Enel est le plus important émetteur de SLB avec environ 25 milliards d’euros émis depuis l’ouverture du marché en 2019 (près de 40% de son endettement). Une clause des obligations prévoit de ne pas augmenter le coût de financement (step-up) si le non-respect des engagements est dû notamment à un changement réglementaire. Alessandro Canta, le directeur financier d’Enel, a indiqué dans une interview à IFR qu’il paierait tout de même le coupon supplémentaire, si les engagements ne sont pas tenus. Le marché semble avoir pris en compte ce risque, les obligations Enel ont perdu en une semaine entre 3 et 4 points de pourcentage. Les rumeurs de limogeage par le gouvernement Meloni du président du groupe, Francesco Starace, véritable artisan de la transformation vers les énergies renouvelables (l’objectif de 60% de capacité fixé dans les SLB à fin 2022 aurait été dépassé, selon la direction du groupe à 64%), n’ont pas contribué à réduire la pression.

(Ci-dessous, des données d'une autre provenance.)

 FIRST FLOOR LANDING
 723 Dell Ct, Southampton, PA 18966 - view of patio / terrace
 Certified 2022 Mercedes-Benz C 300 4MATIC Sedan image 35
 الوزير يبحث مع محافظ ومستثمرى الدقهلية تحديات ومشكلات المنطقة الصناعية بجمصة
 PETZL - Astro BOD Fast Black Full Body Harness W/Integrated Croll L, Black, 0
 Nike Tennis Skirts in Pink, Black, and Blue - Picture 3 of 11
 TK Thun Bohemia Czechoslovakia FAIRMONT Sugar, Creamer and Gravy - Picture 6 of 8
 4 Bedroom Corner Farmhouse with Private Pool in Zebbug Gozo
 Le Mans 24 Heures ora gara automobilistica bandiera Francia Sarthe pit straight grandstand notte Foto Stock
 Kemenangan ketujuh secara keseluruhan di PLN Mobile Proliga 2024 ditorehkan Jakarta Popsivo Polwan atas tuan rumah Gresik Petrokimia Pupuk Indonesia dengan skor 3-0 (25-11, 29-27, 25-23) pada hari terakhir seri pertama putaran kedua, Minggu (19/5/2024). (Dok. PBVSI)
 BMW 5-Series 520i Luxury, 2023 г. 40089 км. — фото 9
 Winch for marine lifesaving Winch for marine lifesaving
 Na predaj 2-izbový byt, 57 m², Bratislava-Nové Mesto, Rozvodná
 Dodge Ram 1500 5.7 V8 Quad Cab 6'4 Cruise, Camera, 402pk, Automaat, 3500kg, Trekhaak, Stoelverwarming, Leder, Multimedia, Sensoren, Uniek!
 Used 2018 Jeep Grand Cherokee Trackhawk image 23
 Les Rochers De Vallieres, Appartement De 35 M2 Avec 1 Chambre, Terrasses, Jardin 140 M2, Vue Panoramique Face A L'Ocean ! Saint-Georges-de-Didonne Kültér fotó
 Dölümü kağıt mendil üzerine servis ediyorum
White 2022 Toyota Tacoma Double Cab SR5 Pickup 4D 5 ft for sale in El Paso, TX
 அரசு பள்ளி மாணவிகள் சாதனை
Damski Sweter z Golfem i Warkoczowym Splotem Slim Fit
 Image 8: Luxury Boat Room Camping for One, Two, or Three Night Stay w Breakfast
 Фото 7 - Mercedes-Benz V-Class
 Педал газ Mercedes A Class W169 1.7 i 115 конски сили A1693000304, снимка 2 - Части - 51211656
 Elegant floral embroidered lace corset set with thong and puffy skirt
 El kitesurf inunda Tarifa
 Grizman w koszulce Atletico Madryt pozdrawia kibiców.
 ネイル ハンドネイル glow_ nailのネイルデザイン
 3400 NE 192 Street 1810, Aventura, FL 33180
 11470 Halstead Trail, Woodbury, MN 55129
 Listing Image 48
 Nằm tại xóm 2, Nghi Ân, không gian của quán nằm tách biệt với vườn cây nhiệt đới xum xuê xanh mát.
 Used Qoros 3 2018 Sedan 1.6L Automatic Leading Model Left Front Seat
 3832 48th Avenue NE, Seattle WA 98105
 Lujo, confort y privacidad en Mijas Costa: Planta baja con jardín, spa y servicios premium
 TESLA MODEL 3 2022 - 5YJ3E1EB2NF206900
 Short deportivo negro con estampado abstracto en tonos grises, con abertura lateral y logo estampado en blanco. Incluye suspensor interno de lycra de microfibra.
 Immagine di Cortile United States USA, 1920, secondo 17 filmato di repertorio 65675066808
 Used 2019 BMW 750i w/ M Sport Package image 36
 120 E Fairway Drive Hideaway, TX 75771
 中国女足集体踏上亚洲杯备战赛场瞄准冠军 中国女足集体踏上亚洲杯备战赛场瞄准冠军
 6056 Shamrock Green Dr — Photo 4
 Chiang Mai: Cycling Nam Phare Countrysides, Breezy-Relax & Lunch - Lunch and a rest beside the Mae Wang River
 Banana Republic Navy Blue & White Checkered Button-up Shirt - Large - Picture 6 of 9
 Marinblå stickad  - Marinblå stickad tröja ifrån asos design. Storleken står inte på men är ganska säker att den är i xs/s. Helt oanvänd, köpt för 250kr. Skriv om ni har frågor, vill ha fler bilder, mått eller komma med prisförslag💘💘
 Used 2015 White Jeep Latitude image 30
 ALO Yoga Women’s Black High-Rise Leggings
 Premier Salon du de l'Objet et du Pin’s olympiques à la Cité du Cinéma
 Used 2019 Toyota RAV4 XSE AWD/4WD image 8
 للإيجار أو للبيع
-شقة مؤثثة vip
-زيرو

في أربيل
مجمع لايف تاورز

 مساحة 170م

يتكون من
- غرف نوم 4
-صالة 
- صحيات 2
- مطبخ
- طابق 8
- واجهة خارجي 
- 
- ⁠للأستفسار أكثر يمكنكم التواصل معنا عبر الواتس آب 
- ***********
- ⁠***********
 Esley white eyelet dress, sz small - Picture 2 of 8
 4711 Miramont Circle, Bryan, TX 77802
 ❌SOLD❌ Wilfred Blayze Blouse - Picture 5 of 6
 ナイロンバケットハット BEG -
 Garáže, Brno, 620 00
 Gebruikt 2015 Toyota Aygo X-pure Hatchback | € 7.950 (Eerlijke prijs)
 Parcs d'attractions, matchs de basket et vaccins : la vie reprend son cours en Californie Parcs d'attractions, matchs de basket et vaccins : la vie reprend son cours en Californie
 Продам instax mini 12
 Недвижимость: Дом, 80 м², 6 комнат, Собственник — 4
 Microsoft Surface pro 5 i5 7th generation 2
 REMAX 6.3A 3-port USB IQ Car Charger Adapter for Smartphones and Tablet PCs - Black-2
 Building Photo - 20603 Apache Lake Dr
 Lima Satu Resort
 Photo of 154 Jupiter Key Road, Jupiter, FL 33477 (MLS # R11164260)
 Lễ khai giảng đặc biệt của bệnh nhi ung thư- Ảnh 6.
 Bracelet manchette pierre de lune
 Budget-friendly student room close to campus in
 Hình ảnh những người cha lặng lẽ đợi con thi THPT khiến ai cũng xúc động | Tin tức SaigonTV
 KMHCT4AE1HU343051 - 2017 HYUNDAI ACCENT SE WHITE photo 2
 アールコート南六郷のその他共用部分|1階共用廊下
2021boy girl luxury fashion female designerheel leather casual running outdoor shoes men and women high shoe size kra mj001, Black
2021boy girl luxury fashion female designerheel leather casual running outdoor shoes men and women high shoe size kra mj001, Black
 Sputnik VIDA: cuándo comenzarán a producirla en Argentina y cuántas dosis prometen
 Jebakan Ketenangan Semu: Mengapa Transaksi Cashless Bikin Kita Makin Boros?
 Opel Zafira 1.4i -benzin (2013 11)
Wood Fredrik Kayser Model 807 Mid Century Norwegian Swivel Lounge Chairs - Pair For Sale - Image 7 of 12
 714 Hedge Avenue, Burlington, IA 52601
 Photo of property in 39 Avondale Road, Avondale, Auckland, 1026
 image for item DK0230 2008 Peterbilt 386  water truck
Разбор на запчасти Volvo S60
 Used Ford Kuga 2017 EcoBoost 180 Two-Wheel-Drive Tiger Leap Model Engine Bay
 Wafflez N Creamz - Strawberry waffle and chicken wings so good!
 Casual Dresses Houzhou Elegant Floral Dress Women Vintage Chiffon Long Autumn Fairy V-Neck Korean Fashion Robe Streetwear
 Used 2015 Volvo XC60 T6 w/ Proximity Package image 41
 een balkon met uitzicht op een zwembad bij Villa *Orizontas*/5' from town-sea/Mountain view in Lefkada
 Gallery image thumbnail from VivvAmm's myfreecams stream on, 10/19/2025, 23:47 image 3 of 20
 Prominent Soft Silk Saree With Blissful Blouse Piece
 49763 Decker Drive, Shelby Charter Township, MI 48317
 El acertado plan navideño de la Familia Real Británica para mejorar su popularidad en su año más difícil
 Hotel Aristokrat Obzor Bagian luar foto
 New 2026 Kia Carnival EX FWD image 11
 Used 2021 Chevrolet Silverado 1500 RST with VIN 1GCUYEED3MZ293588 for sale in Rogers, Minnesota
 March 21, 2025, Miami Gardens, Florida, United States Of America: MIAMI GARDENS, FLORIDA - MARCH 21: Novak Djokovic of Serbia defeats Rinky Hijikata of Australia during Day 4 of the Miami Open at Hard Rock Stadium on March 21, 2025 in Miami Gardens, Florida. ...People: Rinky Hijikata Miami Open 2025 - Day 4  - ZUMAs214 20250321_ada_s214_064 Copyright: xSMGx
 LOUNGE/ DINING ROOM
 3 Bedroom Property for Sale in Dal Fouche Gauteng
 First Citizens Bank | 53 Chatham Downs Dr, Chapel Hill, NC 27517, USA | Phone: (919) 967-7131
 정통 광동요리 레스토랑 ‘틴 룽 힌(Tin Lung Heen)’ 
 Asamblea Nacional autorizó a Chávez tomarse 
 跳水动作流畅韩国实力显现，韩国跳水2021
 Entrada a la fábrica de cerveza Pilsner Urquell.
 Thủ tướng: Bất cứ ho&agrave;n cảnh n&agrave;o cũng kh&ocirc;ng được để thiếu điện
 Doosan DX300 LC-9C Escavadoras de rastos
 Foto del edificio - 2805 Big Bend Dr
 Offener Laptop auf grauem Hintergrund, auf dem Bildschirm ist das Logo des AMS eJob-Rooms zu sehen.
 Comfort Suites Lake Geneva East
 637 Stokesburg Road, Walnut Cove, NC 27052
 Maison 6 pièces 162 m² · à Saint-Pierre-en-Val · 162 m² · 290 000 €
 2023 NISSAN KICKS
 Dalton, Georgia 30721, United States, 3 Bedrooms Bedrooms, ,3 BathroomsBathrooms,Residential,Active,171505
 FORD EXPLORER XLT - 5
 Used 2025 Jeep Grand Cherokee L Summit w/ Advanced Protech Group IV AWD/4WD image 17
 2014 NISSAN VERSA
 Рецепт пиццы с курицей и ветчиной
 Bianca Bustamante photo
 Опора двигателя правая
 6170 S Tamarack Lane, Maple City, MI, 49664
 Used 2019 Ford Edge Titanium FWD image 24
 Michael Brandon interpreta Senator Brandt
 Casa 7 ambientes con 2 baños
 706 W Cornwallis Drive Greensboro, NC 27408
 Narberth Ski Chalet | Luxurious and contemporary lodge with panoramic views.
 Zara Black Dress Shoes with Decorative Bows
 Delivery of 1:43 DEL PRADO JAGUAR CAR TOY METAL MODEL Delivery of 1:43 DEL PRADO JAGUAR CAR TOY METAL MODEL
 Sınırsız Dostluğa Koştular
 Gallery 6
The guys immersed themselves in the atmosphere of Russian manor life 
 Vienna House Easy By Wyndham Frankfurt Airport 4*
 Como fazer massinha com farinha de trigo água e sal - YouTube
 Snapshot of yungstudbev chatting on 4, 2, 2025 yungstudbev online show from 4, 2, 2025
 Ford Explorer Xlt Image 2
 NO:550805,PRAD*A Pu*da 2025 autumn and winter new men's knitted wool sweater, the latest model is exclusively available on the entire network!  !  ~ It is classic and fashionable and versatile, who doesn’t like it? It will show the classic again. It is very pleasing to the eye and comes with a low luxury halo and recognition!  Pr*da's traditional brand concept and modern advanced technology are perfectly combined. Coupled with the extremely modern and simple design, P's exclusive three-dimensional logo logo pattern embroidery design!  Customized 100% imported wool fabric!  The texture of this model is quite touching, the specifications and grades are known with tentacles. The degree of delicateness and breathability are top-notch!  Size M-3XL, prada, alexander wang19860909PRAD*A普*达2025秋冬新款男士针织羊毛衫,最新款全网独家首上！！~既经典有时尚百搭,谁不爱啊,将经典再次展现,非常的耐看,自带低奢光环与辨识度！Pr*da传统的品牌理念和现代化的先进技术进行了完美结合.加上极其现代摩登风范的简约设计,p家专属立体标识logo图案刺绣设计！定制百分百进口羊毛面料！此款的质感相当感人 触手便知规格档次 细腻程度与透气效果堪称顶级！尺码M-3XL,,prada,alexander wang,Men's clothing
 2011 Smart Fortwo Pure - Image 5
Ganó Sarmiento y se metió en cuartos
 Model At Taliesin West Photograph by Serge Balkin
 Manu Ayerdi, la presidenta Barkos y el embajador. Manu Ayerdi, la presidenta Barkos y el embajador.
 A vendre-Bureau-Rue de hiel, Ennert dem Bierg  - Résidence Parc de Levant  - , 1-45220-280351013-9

Cela n’a toutefois pas empêché Enel d’émettre le 13 février deux nouvelles tranches de SLB de 1,5 milliard d’euros sursouscrites trois fois. En début d’année, Barclays estimait que les émissions SLB allaient reculer cette année au profit des green bonds considérés comme plus qualitatifs. Pour l’heure ce n’est pas la tendance. Depuis janvier, les corporates européens ont émis plus de SLB (24,5 milliards d’euros) que de green bonds (15 milliards) sur un total de 60 milliards émis.